## Problem
Apart from the images, the entire listing below must be restated word for word.

## Information provided
Segment Open
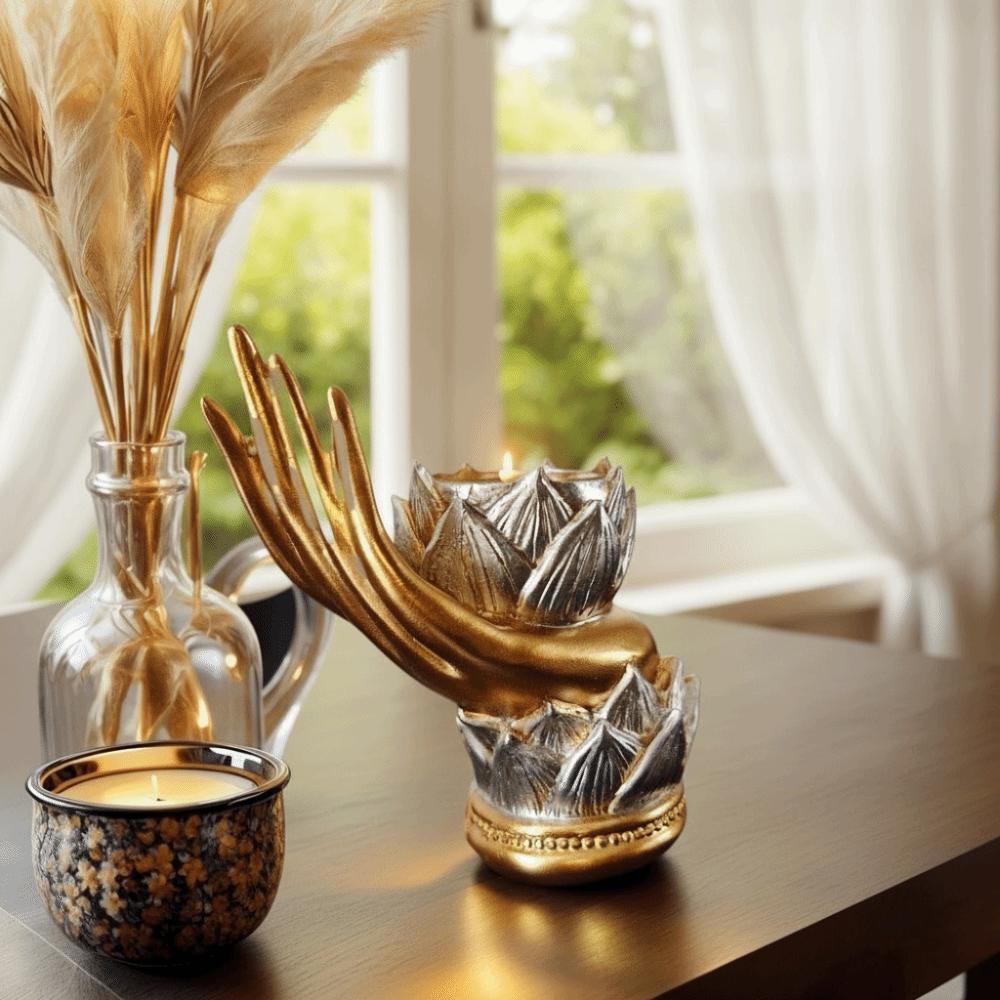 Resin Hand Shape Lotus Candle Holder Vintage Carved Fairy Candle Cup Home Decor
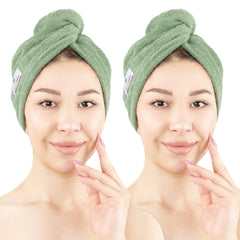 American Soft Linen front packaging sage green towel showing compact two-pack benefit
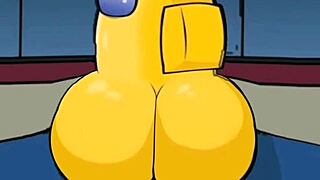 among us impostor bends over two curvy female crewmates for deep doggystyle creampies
Segment Closed
## Final answer
 Resin Hand Shape Lotus Candle Holder Vintage Carved Fairy Candle Cup Home Decor
 American Soft Linen front packaging sage green towel showing compact two-pack benefit
 among us impostor bends over two curvy female crewmates for deep doggystyle creampies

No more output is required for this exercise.